By Tim Davis and Siva Rajamanickam

Machine learning models that are trained on large corpuses of text, images, and source code are becoming increasingly common. Such models—which are either freely available or accessible for a fee—can then generate their own text, images, and source code. The unprecedented pace of development and adoption of these tools is quite different from the traditional mathematical software development life cycle. In addition, developers are creating large language models (LLMs) for text summarization as well as caption and prompt generation. LLMs are fine-tuned on source code, such as in OpenAI Codex, which yields models that can interactively generate code with minimal prompting. For example, a prompt like “sort an array” produces code one line at a time that a programmer can then either choose to accept or use to generate a match for an entire sort routine.

Examples of fine-tuned LLMs for code generation include GitHub Copilot and Amazon CodeWhisperer.

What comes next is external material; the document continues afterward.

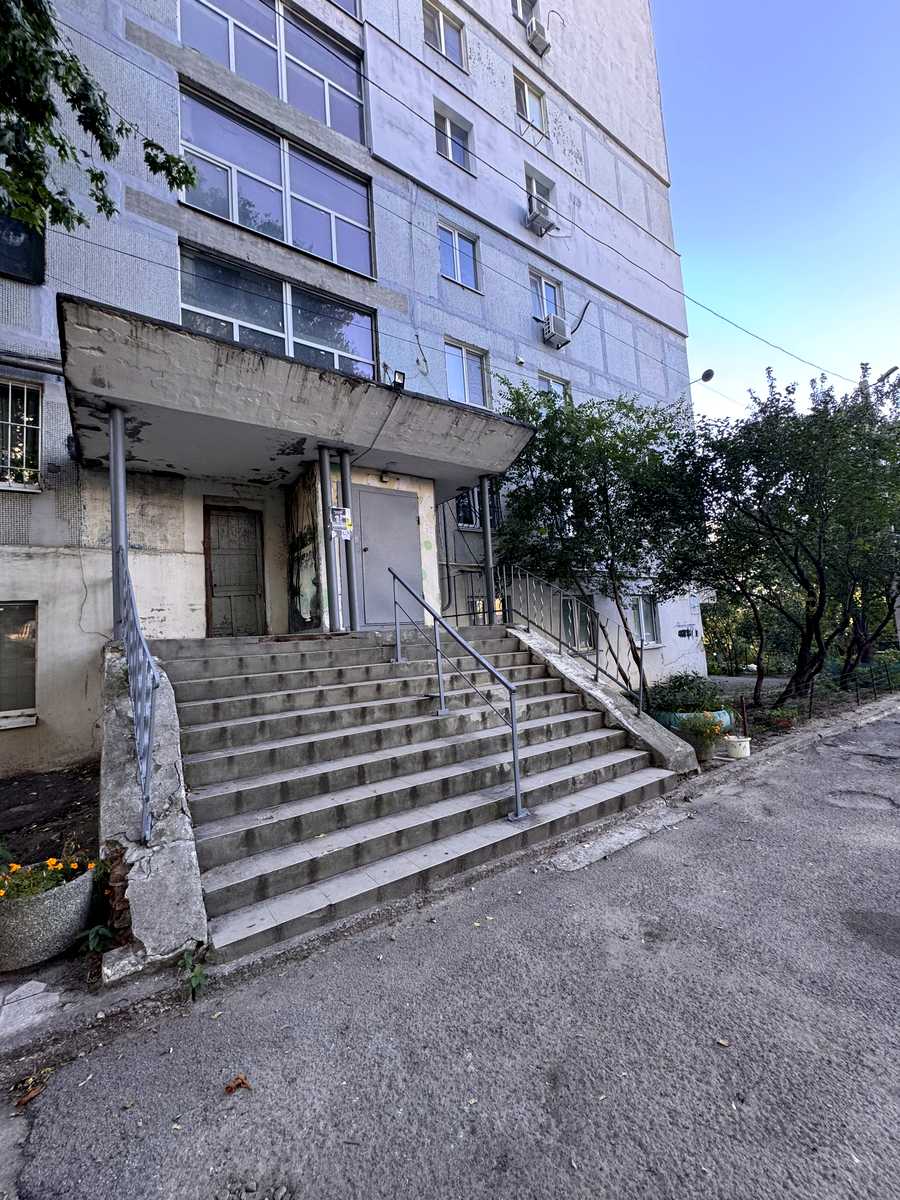 1878384788110411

These models bring exciting possibilities to programmer productivity, bug detection during software development, and the translation of legacy code to modern languages. While the authors of these tools have addressed some potential issues in the codes—including bias and security implications—we want to highlight another pitfall in these fine-tuned models. The machine learning community is generally cognizant of matters like bias, but discussions about copyright and license issues in fine-tuning language models are far less common. In fact, the initial documentation for GitHub Copilot stated that “the code belongs to you” (this wording was recently revised).

SIAM members have invested considerable effort in the design and development of mathematical software packages that collectively build a software ecosystem that enables complex modeling and simulation on high-performance computing hardware. Several such open-source software packages are available at various levels of abstraction, from low-level dense linear algebra operations (i.e., BLAS and LAPACK) to sparse linear algebra libraries (i.e., CSparse, SuiteSparse, and Kokkos Kernels) and large frameworks (i.e., Trilinos) and ecosystems (i.e., xSDK). All of these libraries have well-defined interfaces and work smoothly together. They are also generally available both within their organizational GitHub accounts and through multiple other accounts, as permitted in their licenses. Many developers who release their code as open source also make their software readily accessible for community use (sometimes for profit) with proper attribution and consent of the copyright holders.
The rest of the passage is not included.